Reduce dal debutto del suo primo album intitolato Dead man suit e dal successo dell'ancor più acclamato singolo Coming Home, (utilizzata per una pubblicità della Landrover) il chitarrista del South Devon, Jon Allen torna alle nostre orecchie con un disco nuovo dal titolo agrodolce: Sweet Defeat. La dolce sconfitta di Allen sembra voler ricordarci il lato soft della vita, quello da cui osservano gli inguaribili ottimisti. Eppure i testi spaziano in atmosfere variegate ed eterogenee dalla malinconica country ballad, alla jouney song dal ritmo blues il tutto però mai esasperato e condito con un pizzico di sapiente ironia melodica.

Una personalità di spicco e un'intelligente vena comica concorrono a disegnare il profilo di un artista a mio avviso di grande valore. Più che parlare per lui, preferisco presentarlo con le sue stesse affermazioni riguardo la sua nascita: I was born in the rural serenity of Winchester and raised by wolves in a meadow among the blue bells" (Sono nato nella serenità rurale dell Winchester a sono stato cresciuto dai lupi in un campo tra le campane blu). In questa presentazione auto-ironica possiamo capire quali siano gli ingredienti della sua musica: Natura dionisiaca, romanticismo malinconico, atmosfere selvagge.

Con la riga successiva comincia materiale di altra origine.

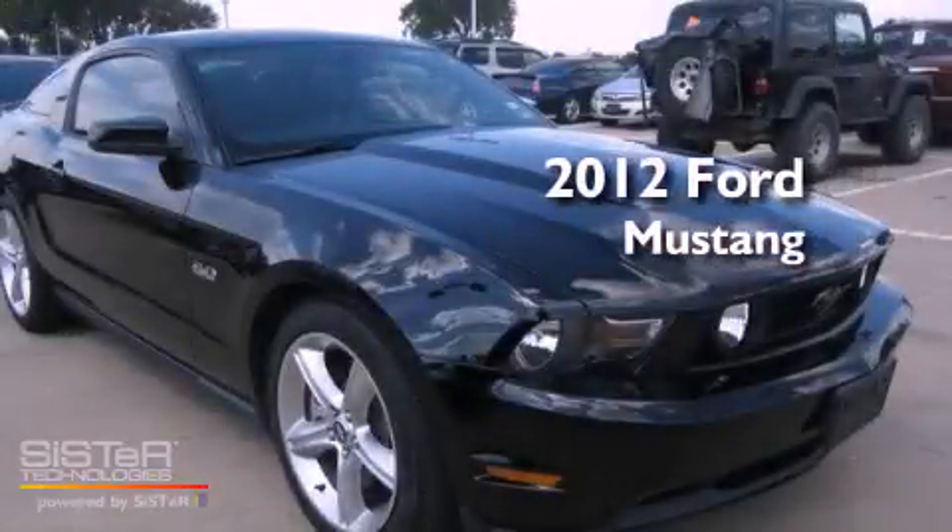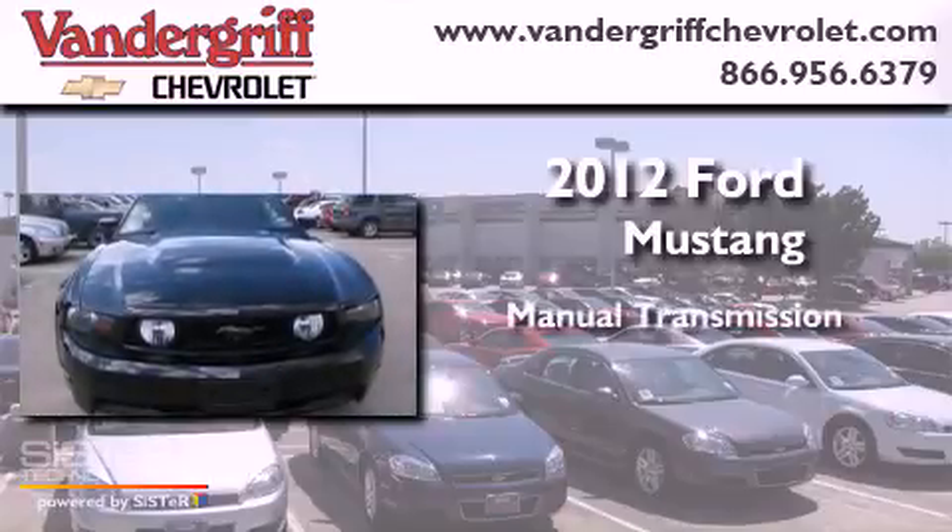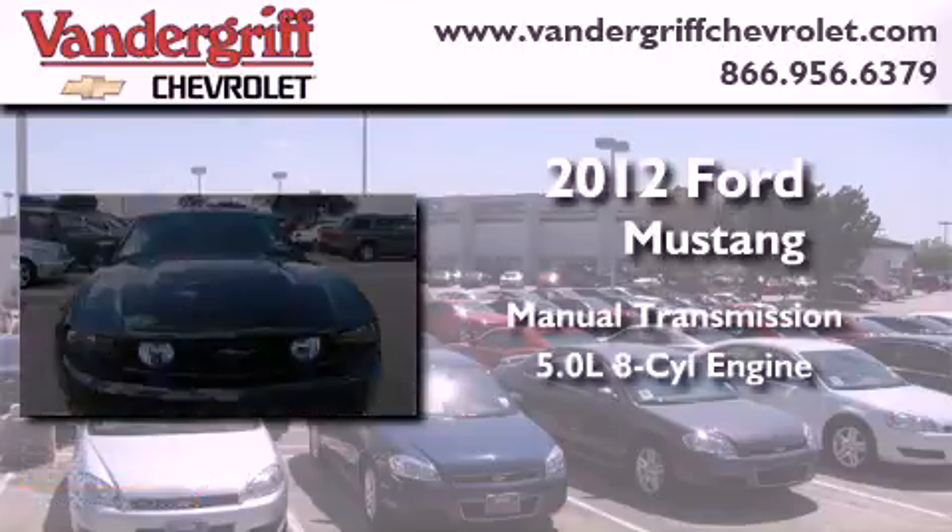This is a 2012 Ford Mustang. This car has a manual transmission and a 5.0 liter V8.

Un ragazzo cresciuto che racconta in musica il panorama vissuto. Troppe le influenze che gli hanno attribuito: una voce graffiata alla Rod Stuart, melodie alla Bob Dylan, testi alla Paul Mc Carthy e ancora Van Morrison, Eagles e James Taylor. Tutto vero per carità, ma lascia il tempo che trova! Di qualsiasi influenza si tratti il marchio di questo artista si fa sentire si dalle prime note e risponde in maniera personale al contesto country music odierno. Il country possiede una marca stabile, questo è vero, ma un buon disco è sempre un buon disco!